PrivateServer is pretty simple. It’s a subclass of fl.server.strategy.FedAvg, with modifications to the constructor and aggregate_fit function. The following arguments have been added:
def __init__(
self,
epsilon: float,
delta: float = 1 / 2e5,
l2_norm_clip: float = 1.5,
num_rounds: int = None,
min_dataset_size: int = 1e5,
*args,
**kwargs
) -> None:
super().__init__(*args, **kwargs)
self.sigma_d = privacy.calculate_sigma_d(
epsilon=epsilon,
delta=delta,
l2_norm_clip=l2_norm_clip,
num_exposures=num_rounds,
num_rounds=num_rounds,
num_clients=self.min_fit_clients,
min_dataset_size=min_dataset_size,
)
These extra arguments (epsilon, delta, l2_norm_clip, num_rounds, min_dataset_size) are used to compute self.sigma_d.1
The aggregate_fit function is expanded to include noising. The function’s signature is the same as its superclass.
def aggregate_fit(
self,
rnd: int,
results: List[Tuple[fl.server.client_proxy.ClientProxy, fl.common.FitRes]],
failures: List[BaseException],
) -> Tuple[Optional[Parameters], Dict[str, Scalar]]:
# call the superclass method
response = super().aggregate_fit(rnd, results, failures)

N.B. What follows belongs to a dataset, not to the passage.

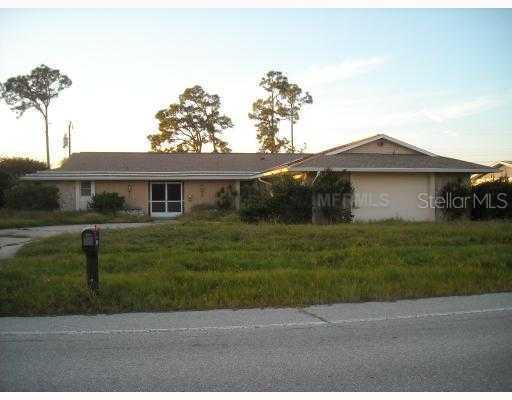 2345 Beacon Dr., Port Charlotte, FL 33952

aggregated_params = response[0]
# add noise
noised_parameters = privacy.server_side_noise(aggregated_params, self.sigma_d)
return noised_parameters, response[1]
Naturally, this can be extended to any other strategy. Make sure to apply the noise as the last step in the aggregate_fit function.
(from tf/server.py)
This client is loosely based off of the TensorFlow Quickstart from flower’s docs.
The constructor is pretty self explanatory. It consists of variable assignment, and then computation of sigma_u for the added noise in training.
def __init__(
self,
trainset: Union[np.ndarray, np.ndarray],
testset: Union[np.ndarray, np.ndarray],
net: tf.keras.Model,
loss_function: tf.keras.losses.Loss,
epsilon: float = 10,
delta: float = 1 / 2e5,
l2_norm_clip: float = 1.5,
num_rounds: int = 3,
min_dataset_size: int = 1e5,
epochs: int = 1,
batch_size: int = 256,
*args,
**kwargs,
) -> None:
...
self.sigma_u = privacy.calculate_sigma_u(
epsilon=epsilon,
delta=delta,
l2_norm_clip=l2_norm_clip,
num_exposures=num_rounds,
min_dataset_size=min_dataset_size,
)
Instead of using model.fit(), PrivateClient manually implements the training steps, allowing the use of the privacy.noise_and_clip_gradients function. This is defined in tf/privacy.py and handles clipping and noising the model’s gradients.
def train_step(self, x, y):
with tf.GradientTape() as tape:
logits = self.net(x, training=True)
loss_value = self.loss_function(y, logits)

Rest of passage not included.